Acabadinhas de chegar, partilho com vocês um conjunto de fotografias da tragédia da Peneda que a Sra. Teresa Lobato teve a amabilidade de me enviar. As mesmas são da autoria do seu pai, Sr. Júlio Coutinho, funcionário da Junta Autónoma de Estradas.  
Lembro ao leitor que este desastre ocorreu na manhã do dia 2 de Fevereiro de 1956. Na imprensa desse dia contava-se que  "Esta manhã, cerca das 10 horas, devido à neve que se acumulara no local, um desses penedos, que pela configuração é denominado “Cabeça da Velha”, quebrou-se e soltou-se da serra, começando a rolar com grande estrondo, pela encosta. (...) que ali é bastante inclinado, levando na frente arvoredo e casas, tudo destruindo e causando alguns feridos.

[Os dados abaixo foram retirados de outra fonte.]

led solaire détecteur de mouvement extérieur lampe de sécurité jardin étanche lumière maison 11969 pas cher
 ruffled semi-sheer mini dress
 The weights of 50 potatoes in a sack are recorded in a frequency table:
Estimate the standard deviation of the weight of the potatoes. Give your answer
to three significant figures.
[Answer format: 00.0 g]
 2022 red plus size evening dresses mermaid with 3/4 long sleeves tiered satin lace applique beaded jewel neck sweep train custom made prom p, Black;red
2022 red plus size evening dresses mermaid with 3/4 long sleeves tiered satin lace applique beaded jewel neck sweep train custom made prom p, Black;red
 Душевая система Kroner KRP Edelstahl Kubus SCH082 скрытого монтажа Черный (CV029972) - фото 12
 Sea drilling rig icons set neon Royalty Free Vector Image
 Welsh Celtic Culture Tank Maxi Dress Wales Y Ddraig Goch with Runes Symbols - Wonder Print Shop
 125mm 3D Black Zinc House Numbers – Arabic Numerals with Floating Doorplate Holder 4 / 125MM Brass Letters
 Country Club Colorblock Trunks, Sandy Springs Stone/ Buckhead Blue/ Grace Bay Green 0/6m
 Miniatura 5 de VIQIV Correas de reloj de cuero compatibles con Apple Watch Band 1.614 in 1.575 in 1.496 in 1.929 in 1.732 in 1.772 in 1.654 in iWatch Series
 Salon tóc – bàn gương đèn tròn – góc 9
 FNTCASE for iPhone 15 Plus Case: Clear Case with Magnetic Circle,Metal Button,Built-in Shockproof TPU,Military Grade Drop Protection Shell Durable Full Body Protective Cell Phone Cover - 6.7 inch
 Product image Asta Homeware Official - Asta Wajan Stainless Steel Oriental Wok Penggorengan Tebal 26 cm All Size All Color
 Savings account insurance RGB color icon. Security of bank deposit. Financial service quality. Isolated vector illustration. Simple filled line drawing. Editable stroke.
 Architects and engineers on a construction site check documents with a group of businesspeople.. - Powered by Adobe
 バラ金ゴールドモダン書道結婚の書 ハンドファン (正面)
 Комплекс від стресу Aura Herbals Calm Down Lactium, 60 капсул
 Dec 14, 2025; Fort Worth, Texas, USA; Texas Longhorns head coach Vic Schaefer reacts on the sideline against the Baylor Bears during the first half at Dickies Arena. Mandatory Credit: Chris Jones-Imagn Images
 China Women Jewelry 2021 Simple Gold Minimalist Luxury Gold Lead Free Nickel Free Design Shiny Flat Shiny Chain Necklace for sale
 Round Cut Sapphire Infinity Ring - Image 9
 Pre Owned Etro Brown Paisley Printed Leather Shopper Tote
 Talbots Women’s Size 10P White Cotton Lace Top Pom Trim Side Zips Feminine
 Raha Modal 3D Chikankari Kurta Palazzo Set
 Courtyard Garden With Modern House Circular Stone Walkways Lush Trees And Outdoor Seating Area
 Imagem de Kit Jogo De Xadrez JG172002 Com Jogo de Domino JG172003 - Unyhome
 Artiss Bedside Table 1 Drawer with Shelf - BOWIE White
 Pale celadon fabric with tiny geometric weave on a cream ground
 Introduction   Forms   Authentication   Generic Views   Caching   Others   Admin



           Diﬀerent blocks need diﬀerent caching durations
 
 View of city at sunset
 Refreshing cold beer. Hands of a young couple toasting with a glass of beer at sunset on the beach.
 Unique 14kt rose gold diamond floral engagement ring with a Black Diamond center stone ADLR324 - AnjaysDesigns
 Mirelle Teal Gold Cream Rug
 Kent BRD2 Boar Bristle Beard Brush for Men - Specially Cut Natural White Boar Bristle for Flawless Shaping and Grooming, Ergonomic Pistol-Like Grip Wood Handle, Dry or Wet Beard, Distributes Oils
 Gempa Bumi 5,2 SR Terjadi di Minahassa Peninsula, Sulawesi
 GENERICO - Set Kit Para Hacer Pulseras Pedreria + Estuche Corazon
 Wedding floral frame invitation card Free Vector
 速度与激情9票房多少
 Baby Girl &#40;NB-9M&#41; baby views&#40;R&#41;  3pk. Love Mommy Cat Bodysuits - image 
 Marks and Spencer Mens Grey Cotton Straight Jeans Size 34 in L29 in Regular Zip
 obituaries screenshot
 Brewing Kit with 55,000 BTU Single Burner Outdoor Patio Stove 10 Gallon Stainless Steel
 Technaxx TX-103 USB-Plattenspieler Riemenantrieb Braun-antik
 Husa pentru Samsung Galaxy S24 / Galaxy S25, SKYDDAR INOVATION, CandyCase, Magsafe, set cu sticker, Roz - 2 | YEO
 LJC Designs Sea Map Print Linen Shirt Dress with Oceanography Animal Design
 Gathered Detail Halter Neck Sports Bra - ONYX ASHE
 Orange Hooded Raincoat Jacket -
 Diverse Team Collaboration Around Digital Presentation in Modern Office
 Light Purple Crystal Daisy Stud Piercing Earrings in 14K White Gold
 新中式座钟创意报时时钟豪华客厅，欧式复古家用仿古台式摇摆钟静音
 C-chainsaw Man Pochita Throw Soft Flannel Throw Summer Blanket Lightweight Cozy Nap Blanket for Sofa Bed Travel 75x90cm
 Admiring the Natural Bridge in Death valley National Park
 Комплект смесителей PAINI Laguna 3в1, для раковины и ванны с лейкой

A princípio, reinou mesmo o terror na região, pois as primeiras notícias deixavam prever que numerosas pessoas jaziam mortas, entre os escombros das casa que foram destruídas pelo imenso pedregulho.
Felizmente, apesar da grave extensão material do desastre, não se registaram mortos e as autoridades tomaram rápidas providências para serenar os ânimos e para prestar imediato auxílio aos feridos, alguns dos quais em estado de certa gravidade."

Leia tudo acerca deste episódio clicando em
PARTE 1
PARTE 2









NOTA: Agradeço à Sra. Teresa Lobato a partilha destas fotografias. Ajudam-nos a ter uma noção real da magnitude dos estragos causado pelo enorme bloco de granito.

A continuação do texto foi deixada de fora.